┌─ Dataset excerpt

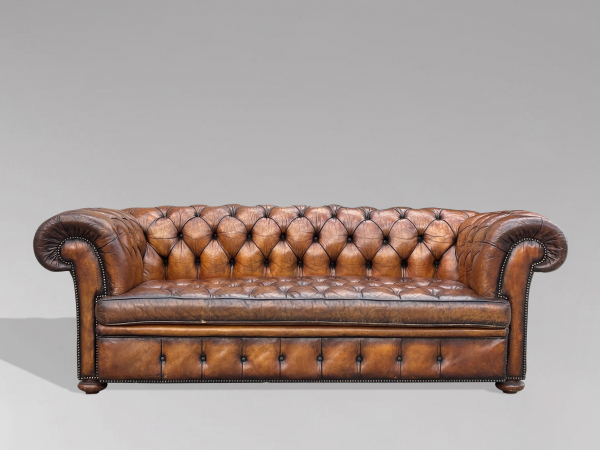 SOLD/19TH CENTURY VICTORIAN THREE-SEATER LEATHER CHESTERFIELD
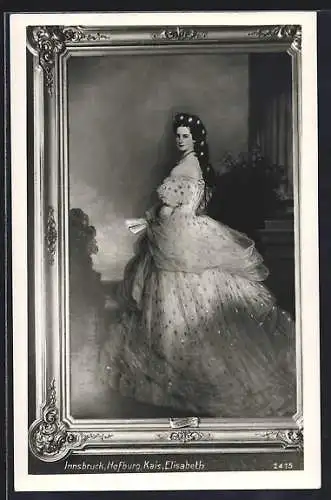 AK Innsbruck, Hofburg, Kaiserin Elisabeth (Sissi) von Österreich, Gemälde im Rahmen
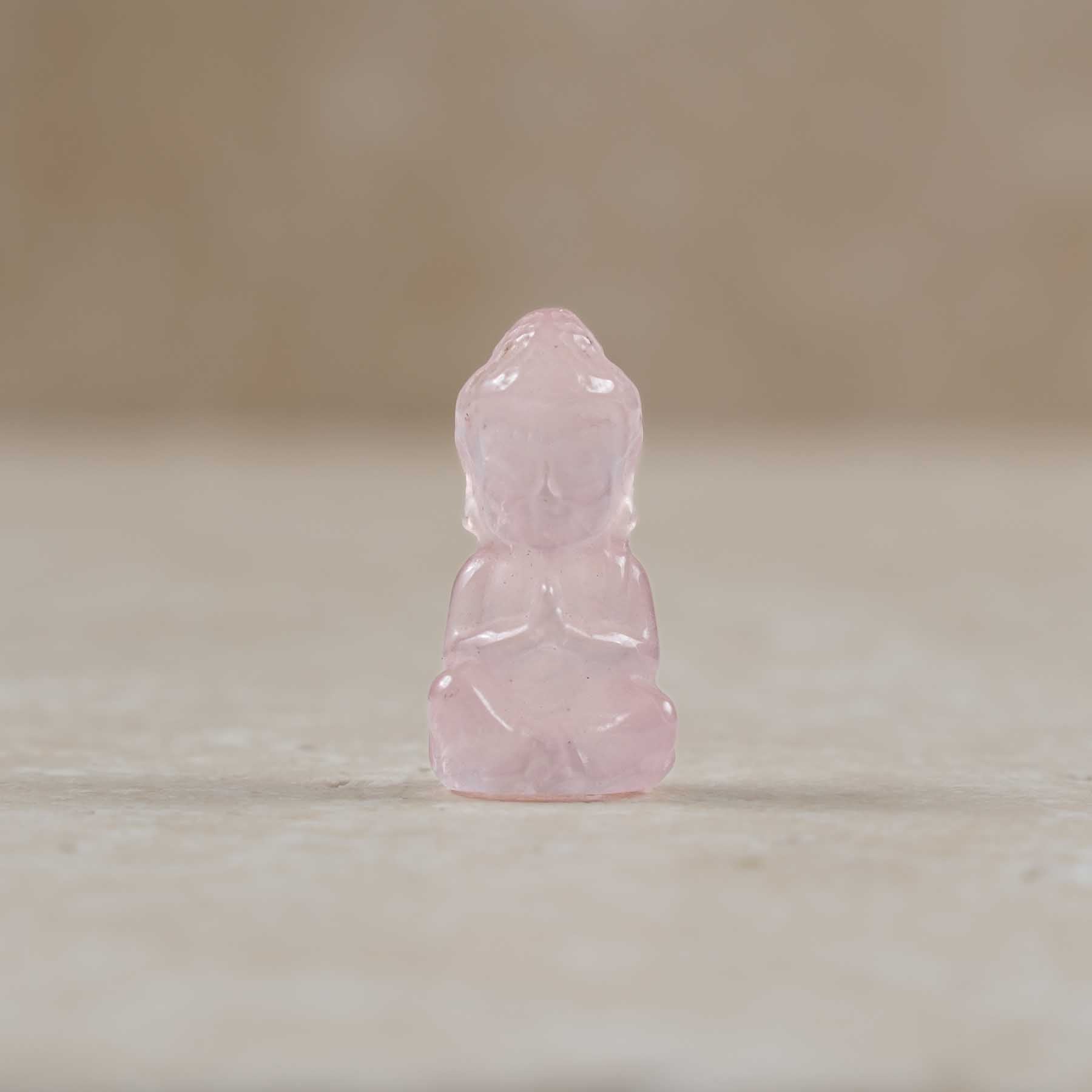 Pierre précieuse Bouddha porte-bonheur Quartz rose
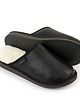 buty męskie Eleganckie kapcie skórzane czarne z białą wełną 1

└─

Please write the material out again exactly as shown above, minus any pictures.

 SOLD/19TH CENTURY VICTORIAN THREE-SEATER LEATHER CHESTERFIELD
 AK Innsbruck, Hofburg, Kaiserin Elisabeth (Sissi) von Österreich, Gemälde im Rahmen
 Pierre précieuse Bouddha porte-bonheur Quartz rose
 buty męskie Eleganckie kapcie skórzane czarne z białą wełną 1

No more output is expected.